Le paysage rural abriterait une vaste utilisation des terres, avec davantage de couverture forestière et moins de bétails. La régénération des sols sera alors redevenu une préoccupation première, étant donné le rôle important qu’ils jouent dans le piégeage du carbone ou de leur émission.

Les auteurs nous donnent donc les quelques principes qui sous-tendront cette ére d’adaptation post-carbone.

  • Un abandon progressif de la dépendance aux engrais et autre produits agrochimiques, afin d’accéder à une agriculture biologique.
  • Une forte augmentation de la nourriture produite à partir de potagers domestiques, même situés en ville.
  • La reconfiguration de l’approvisionnement alimentaire pour faire face aux coûts croissants des énergies fossiles et de la problématique climatique.
  • Une approche globale qui jouera pleinement son rôle dans les objectifs du pays de réduction de 80 % de gaz à effet de serre à l’horizon 2050.

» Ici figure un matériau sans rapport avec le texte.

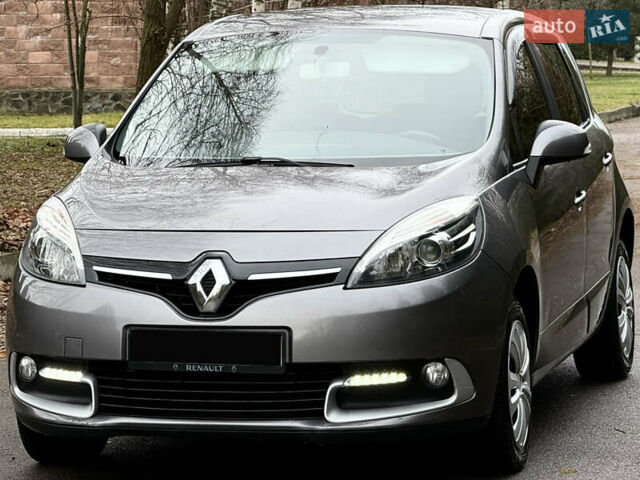 Серый Рено Сценик, объемом двигателя 1.5 л и пробегом 217 тыс. км за 7450 $, фото 4 на Automoto.ua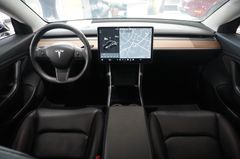 Fahrzeugabbildung Tesla Model 3 Standard Range Plus NAVI/KAMERA/SH/PANO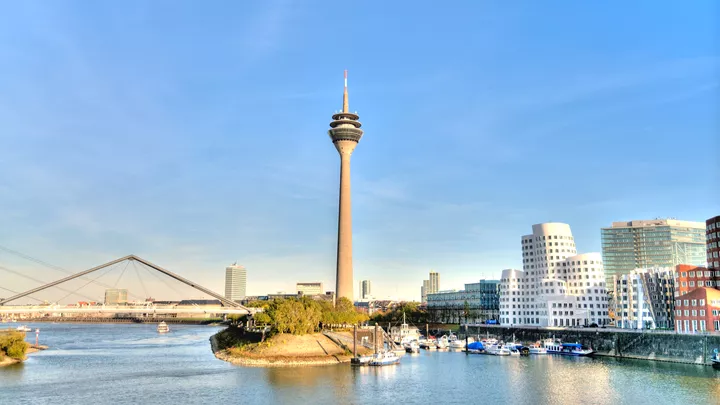 day-1-hallo-dsseldorf-north-travel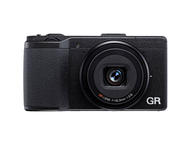 Компактни фотоапарати Ricoh GR II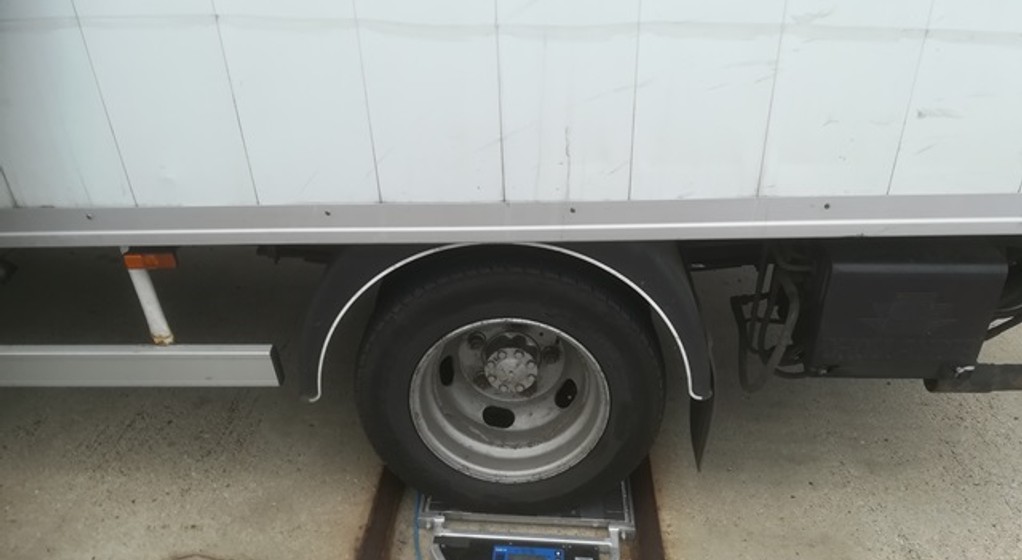 Przeładowana ciężarówka - ważenie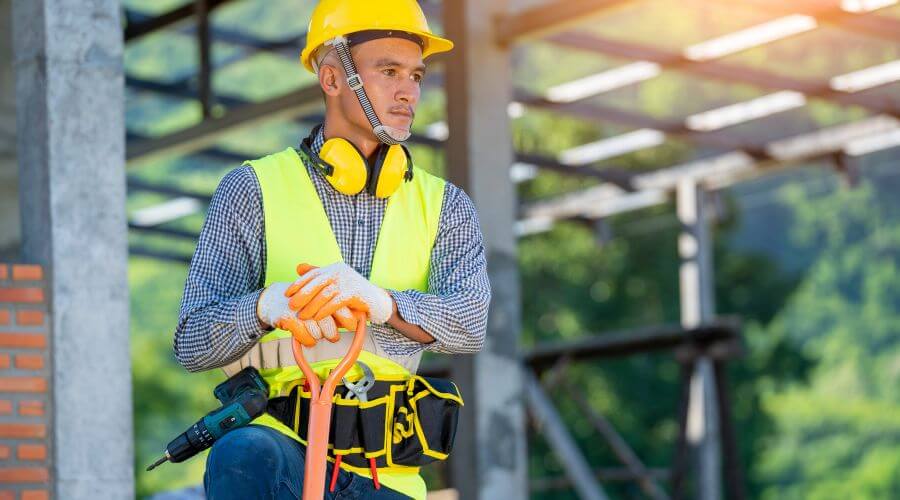 Professional gutter cleaning in Many Farms, AZ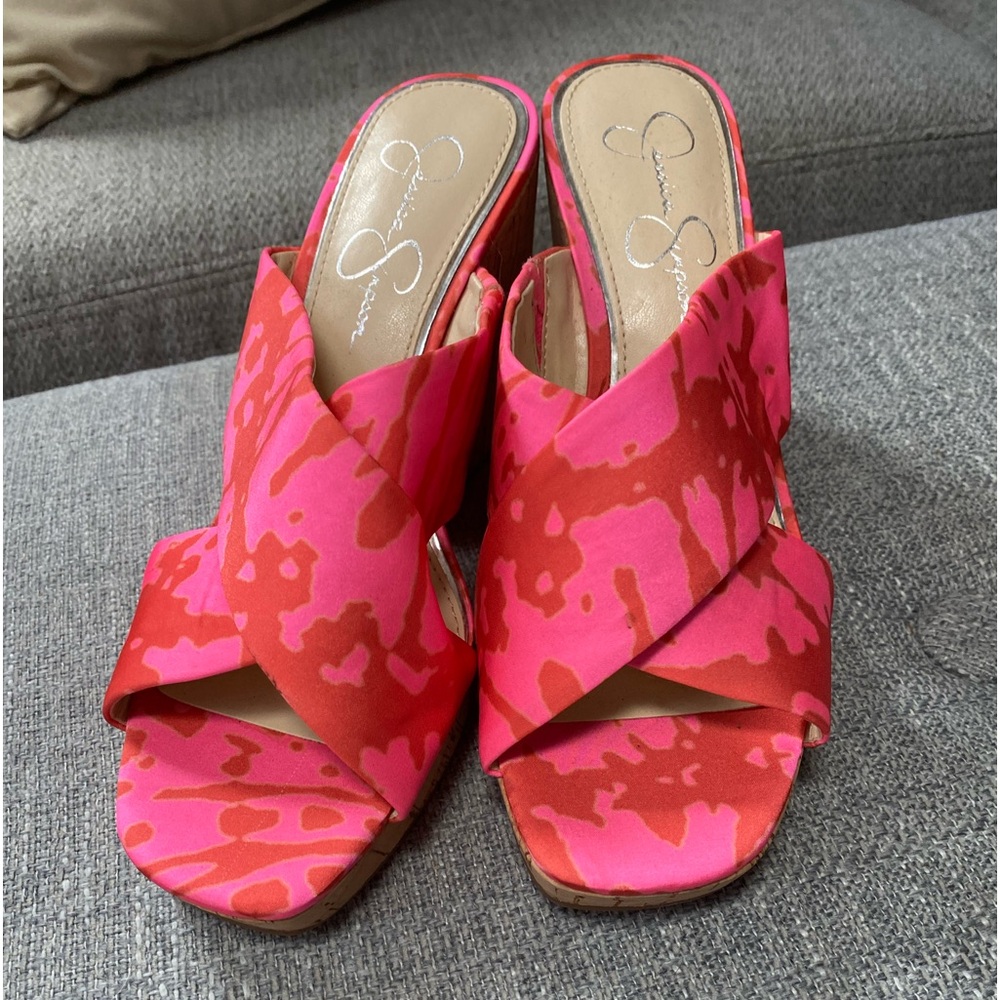 ⭐️Brand New⭐️ Beautiful Pink 🌸 wedges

Le livre est donc un guide pour  tous ceux qui veulent revenir à un mode d’alimentation locale et autonome à l’aide d’exemple concrets.

Il est aussi une ode qui célèbre les vertus de l’alimentation naturelle, dans sa production locale, la “merveille de la reconnexion avec la nourriture”.

Rob Hopkins quand il parle de son jardin, évoque un lieu magique, presque alchimique.

Le livre est disponible sur Amazon.com, en anglais.